In the downstream sector, the Ministry of Energy will be the regulatory body that issues permits for processing gas and refining oil products.
Additionally, the Energy Reforms seek to create a competitive wholesale power market by opening the power generation sector to private investment. Electric transmission and distribution will remain a public activity and within the purview of CFE.
To effect this reform, the Executive Branch shall create the National Center of Energy Control within 12 months of the Energy Reforms’s enactment. It will be independent of CFE and will be charged with controlling the national wholesale electricity market as well as ensuring open access to the grid. CFE will be required to transfer all necessary resources to the National Center of Energy Control.

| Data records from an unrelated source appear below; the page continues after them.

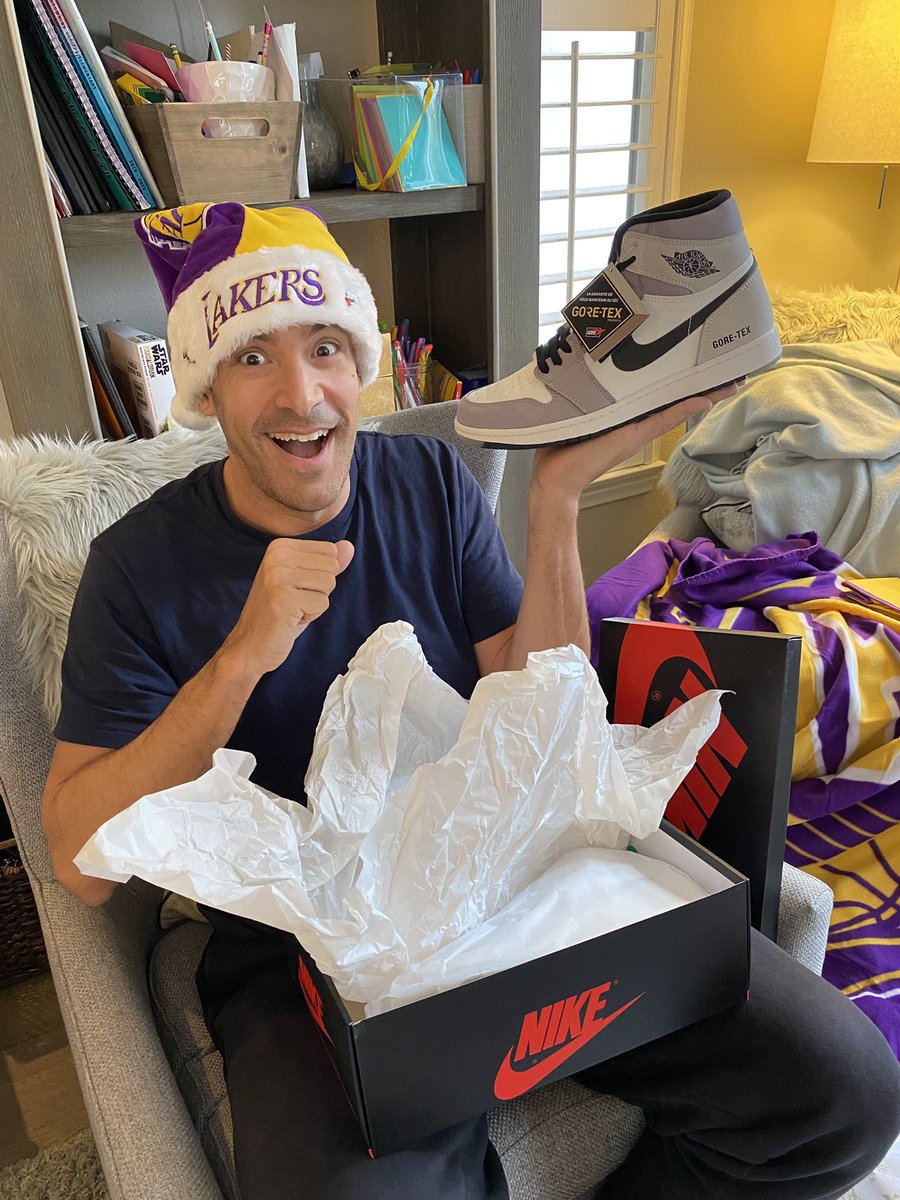 RaoulMartinezTV's tweet photo. It’s a #sneakerhead #Christmas! 
🎄🎅🏼🔥🔥🎅🏼🎄 #MerryChristmas #MerryKicksmas 👟👟 
@ShopOverload #shoplocal #jordans #jordan1  #HandCrafted #Jordan1 #Element
#GoreTex #LightBone #sneakers @nicekicks https://t.co/5TNcXueDFV
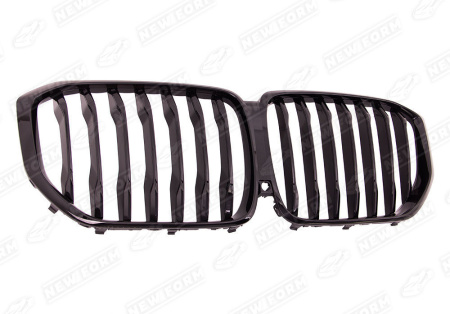 BMW X5 G05 2018 - 2023 Решетка радиатора штатная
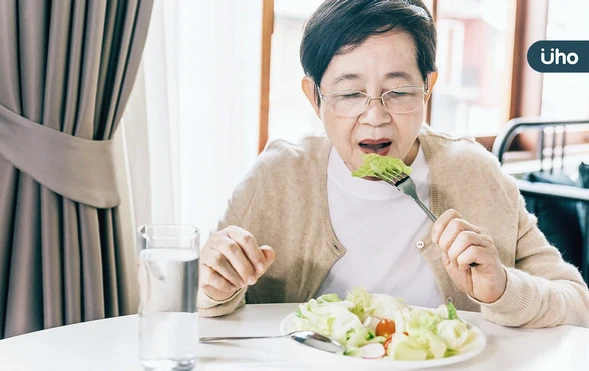  失智症患者進食困難，該不該放置鼻胃管？醫建議：先評估「這4件事」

The Energy Reforms provide for the creation of the National Agency for Industrial Safety and Environmental Protection (SEMARNAT) which will be charged with regulating and supervising industrial and operational safety as well as environmental protection efforts. In addition, within 12 months, the Mexican Congress is required to establish additional environmental protection guidelines regarding the energy sector.
Mexican Petroleum Fund for Stabilization and Development
The Energy Reforms create a public trust called the Mexican Petroleum Fund for Stabilization and Development. This trust will be administered by Mexico’s central bank, subject to transparency rules that will be developed in secondary legislation and will be charged with administering, investing and distributing oil revenues. The fund will be set up in 2014 and will become effective in 2015.